According to tech publication Thurrott, Microsoft will still be building a traditional console in the vein of what consumers would naturally expect from the “Xbox brand,” but the other smaller device will likely be taking on the role of “streaming box” designed to work with Microsoft’s new cloud platform service named Scarlett Cloud.
The platform is meant to offer a game streaming service in lieu of utilizing traditional game media. The console would utilize this service in addition to a limited amount of local computing power to handle collision detection, image processing, and other aspects to take on some of the heavy lifting from the streaming service. While featuring a small amount of computing power capable of handling these tasks will raise the streaming box’s price, it’ll still be a lot cheaper than standard consoles leading the charge with every new generation.
With this tech running locally, a “slice” of the game could run in one location while using Scarlett Cloud to put it all together to make for a more dependable platform that could make streaming available across the globe.

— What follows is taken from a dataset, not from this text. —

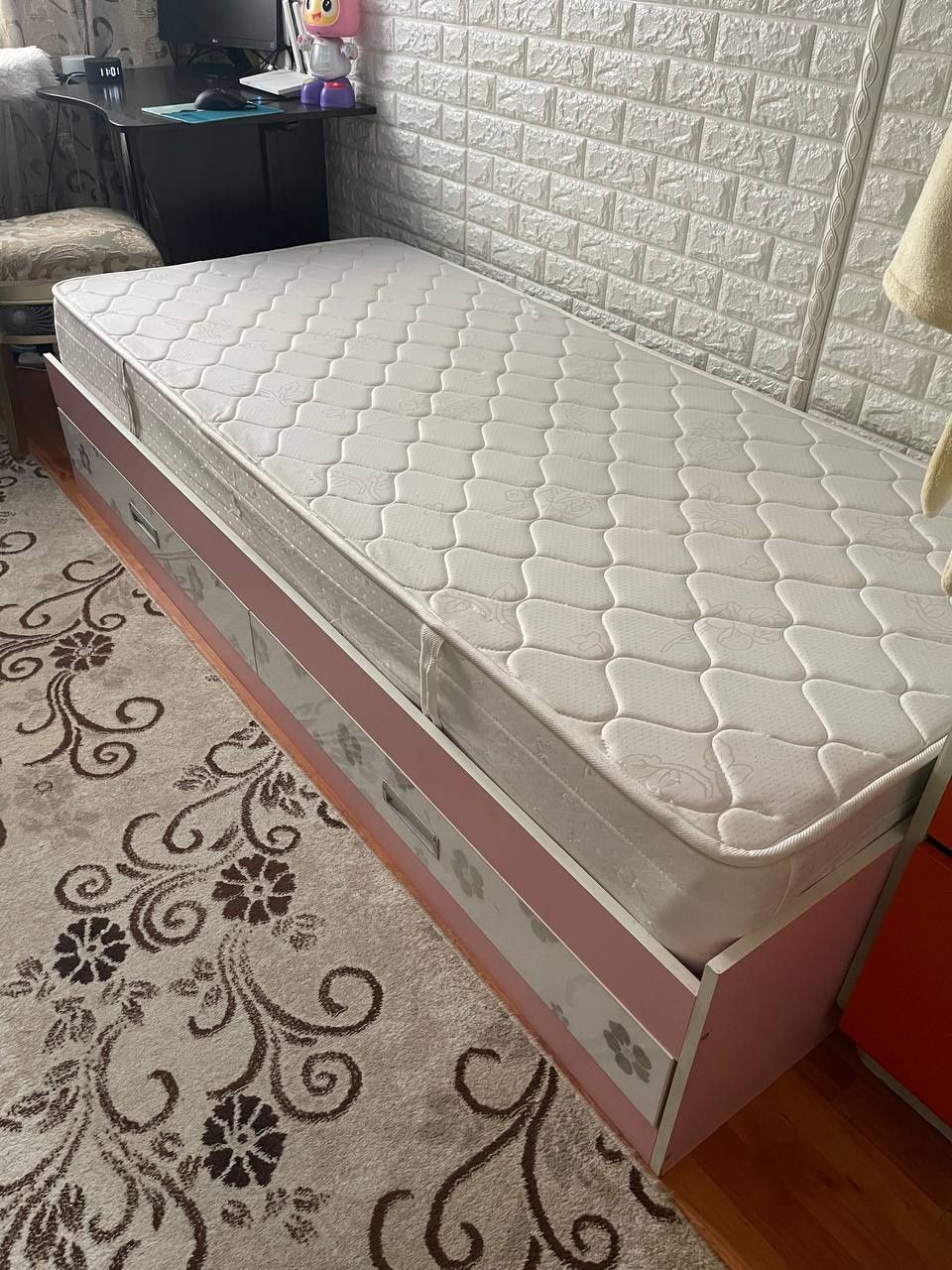Продаются 2 одинаковые кровати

Obviously, that would mean less latency as well.
Additionally, all Scarlett games would run on any Scarlett-enabled devices, with no preferential treatment of one to the other, or frustrating developments where only one system is able to play certain games. All games would be ready to go on either device, which would be good news for those forced to choose between the two.
Previously, during E3 2018, Microsoft’s Phil Spencer announced that a new Xbox console was currently in development. Speaking to Variety, Spencer discussed his views on the future of the Xbox and consoles in general. He still sees “consoles” as devices that can be played on screens with “high-fidelity experiences” and “highly immersive.”
“When people hear Xbox they think about a console plugged into a TV,” Spencer added. “More and more I want to think about how I get access to what I want everywhere, but the center of the experience we have on the console is something we are committed to.”